The cases were heard by Thomas F. Brownell, J.
CIVIL ACTION commenced in the Boston Municipal Court Department on July 16, 2004.
The case was heard by Raymond C. Dougan.
CIVIL ACTION commenced in the Boston Municipal Court Department on July 16, 2004.
The case was heard by Raymond C. Dougan.
Eugene R. Richard for the plaintiffs.
Neil P. Olson, Assistant Attorney General, for Commissioner of the Division of Unemployment Assistance.
Arthur G. Telegen (Claudia T. Centomini with him) for Verizon of New England, Inc.
COHEN, J. In these companion cases, we consider the eligibility of three former employees of Verizon New England, Inc. (Verizon), to receive unemployment compensation benefits after leaving their jobs in return for a so-called "voluntary separation package" (VSP). In each case, the Division of Unemployment Assistance (DUA) denied the employee's application for benefits, the employee appealed to the division's hearings department, and, after hearing, a review examiner affirmed the denial of benefits on the ground that the employee had departed voluntarily, without reasonable belief that he or she would soon be laid off if the VSP was not accepted. See White v. Director of the Div. of Employment Sec., 382 Mass. 596 , 597-598 (1981) (White). In each case, the board of review (board) declined to hear the employee's appeal, thereby making the hearing examiner's decision the final decision of the board. G. L. c. 151A, § 41(c). See Bleich v. Maimonides Sch., 447 Mass. 38 , 39 (2006).

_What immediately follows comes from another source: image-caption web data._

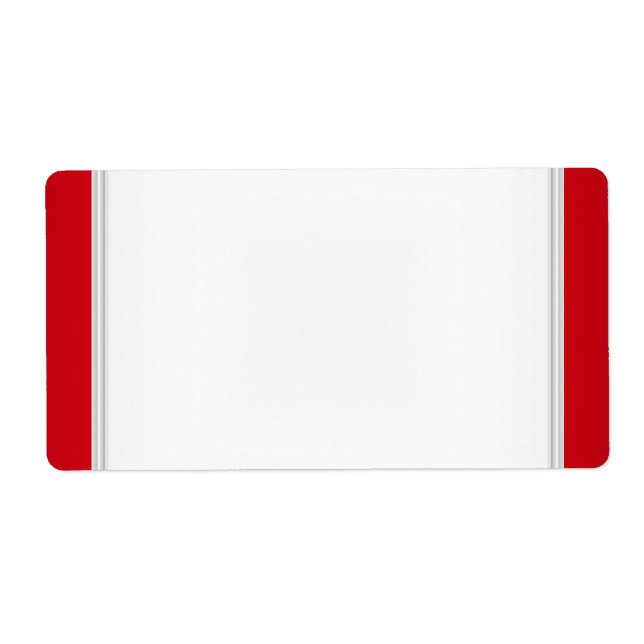 Étiquette de nom de fête Rouge Blanc (Devant)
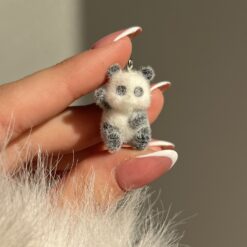 Alternative view of پلاک مخملی طرح پاندا کد 2563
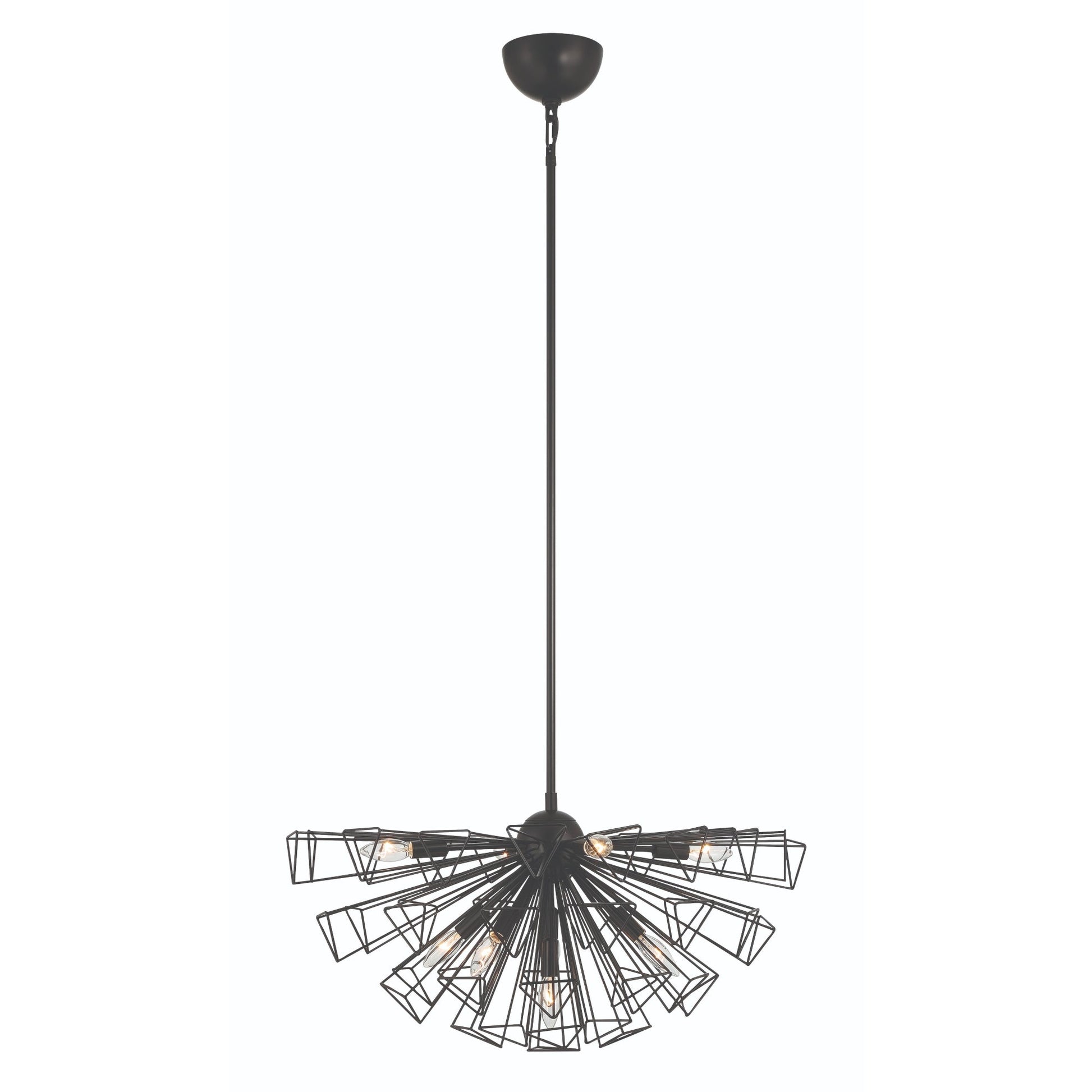 Eurofase Lighting Dendelio 30" 9-Light Incandescent Round Matte Black Chandelier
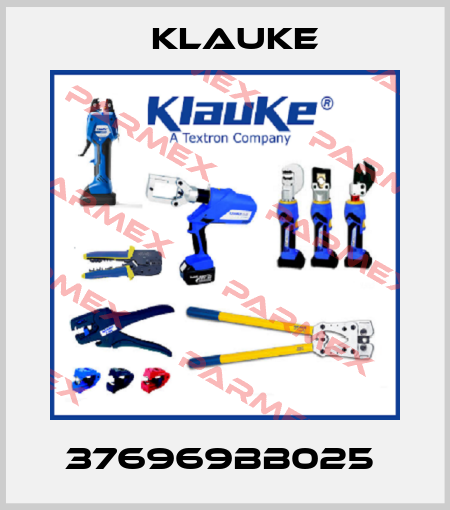 376969BB025  Klauke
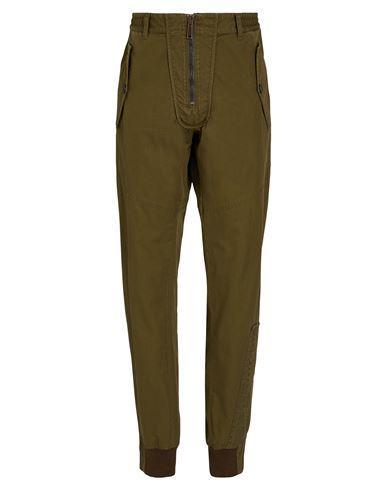 DSQUARED2 Man Pants Military Green Size 38 Cotton Product Image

Each of the employees then sought judicial review, pursuant to G. L. c. 151A, § 42. In the case of Marian Curtis, a judge of the Plymouth District Court affirmed the board's decision. In the cases of George and Nancy Gaudin, [Note 3] a married couple employed in different units at Verizon, a judge of the Boston Municipal Court affirmed the denial of benefits to George, but reversed as to Nancy, concluding that the board's decision to deny her benefits was not supported by substantial evidence. Curtis and George have appealed to this court from the decisions denying their claims, and Verizon has appealed from the decision reversing the denial of Nancy's claim.
While these appeals were pending, we issued our opinion in State Street Bank & Trust Co. v. Deputy Director of the Div. of Employment & Training, 66 Mass. App. Ct. 1 (2006) (State
Street). In State Street, we discussed two different situations in which the statute, G. L. c. 151A, § 25(e)(1), as amended through St. 1992, c. 26, § 19, [Note 4] allowed an employee to receive unemployment compensation benefits despite having accepted a VSP. The first situation involved an "involuntary" departure. We reiterated the principle established in White, supra, that, in such a case, benefits remain available if the employee acted under a reasonable belief that he soon would be terminated if he did not accept the employer's offer, because, in such a case, the employee's departure cannot fairly be regarded as "voluntary." State Street, supra at 8-9. The second situation involved a "voluntary" departure. We explained in that regard, that even if the employee did not terminate employment involuntarily within the meaning of White, the employee may still be found to have departed "for good cause attributable to [the employer]" if, in the execution of its exit incentive plan, the employer "substantially hindered the ability of [the] employee to make a realistic assessment of the likelihood that [he] would be involuntarily separated" if the employee were not to accept the employer's offer. State Street, supra at 11.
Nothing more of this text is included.